Monday, November 04, 2013

Waiting for the milkman


Dearest Martha,

I have decided to leave this city and go meander and trundle in the countryside. This time, there is much less of a sense of escape and more of a feeling of adventure, of possibility. There is a calm belief that there are places out there as yet untouched by man's inexplicable dissatisfaction with himself often manifested in meandering mercantile mishaps. Everything's for sale. Nothing is sacred anymore. I guess nothing's ever sacred but for that one fleeting moment in childhood when you grasp the entirety of the universe and you feel at one with it, when you know without a sliver of doubt that it's all for you.

Do you remember waiting for the milkman in the evenings by the roadside? The counting of cars. The hellos, goodbyes and welcome backs. That little corner of the world. Who would have guessed where that road would lead us? It took one leaving and that world was behind us and all the times we travelled back, it seemed we had travelled further and further away and were only strangers in the houses that once we called home.

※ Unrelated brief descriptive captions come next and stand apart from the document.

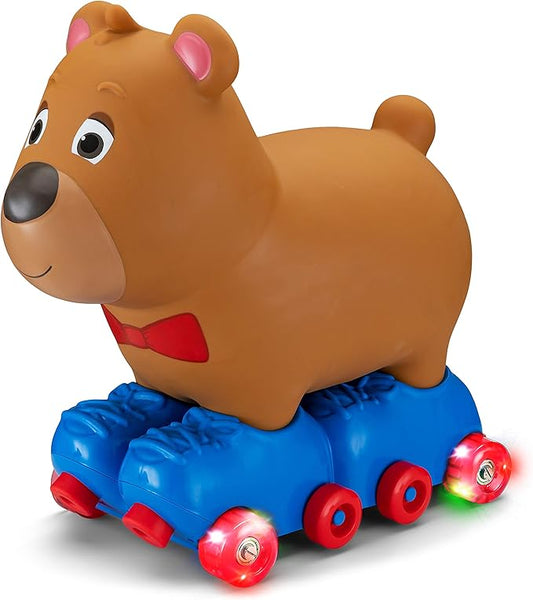 Kid Trax Silly Skaters Bear Toddler Foot to Floor Ride On Toy, Kids 1-3 Years Old, Soft and Inflatable, Single Rider, Light Up LED Rollerskates, Brown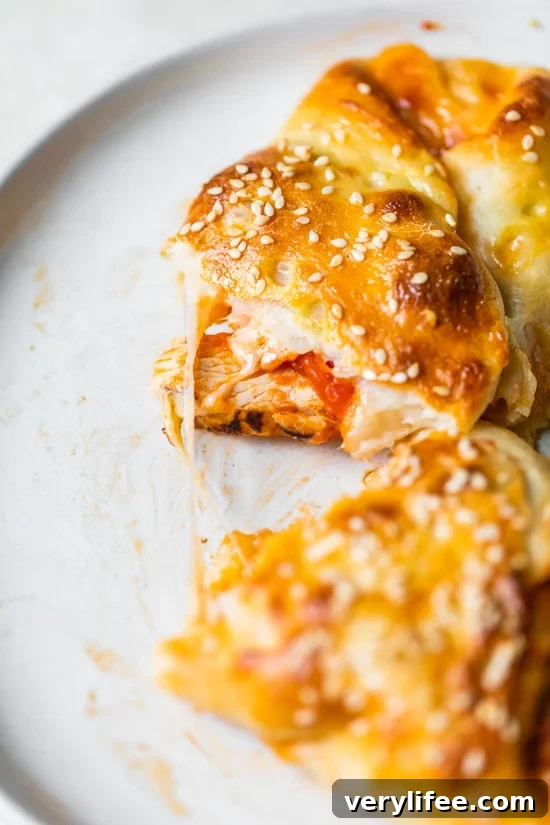 Baked Chicken Parmesan Stuffed Rolls 3 Chicken Parm Rolls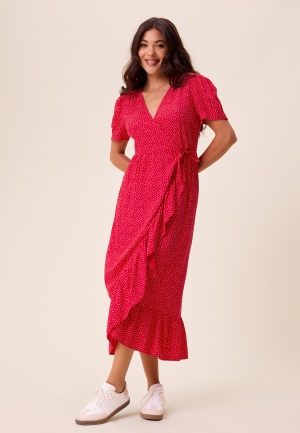 Läs mer om Happy Holly Evie Puff Sleeve Midi Wrap Dress Red/Dotted 52/54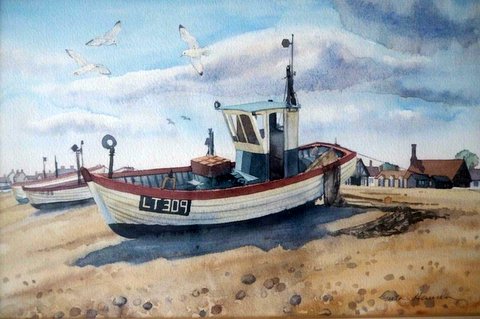 Fishing Boats on a Suffolk Beach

It was odd feeling that way, and all the childish questions we had never found an ear willing to comprehend. Yet I believe the hills love us still and whisper our names, for we were born there and the river knows the feel of our feet but I cannot help feel that I have walked so far on that road that I might never return for now I long to be in the sky.

Will you come with me Martha? I don't know where this road will take us but I want to walk it with you if you will come. I can only promise that there will always be ground under our feet and if it should shake and rumble, I will always hold your hand.  But if you do not come, I will go with the memories of old days and whenever I get the chance, I will sit by the roadside and wait.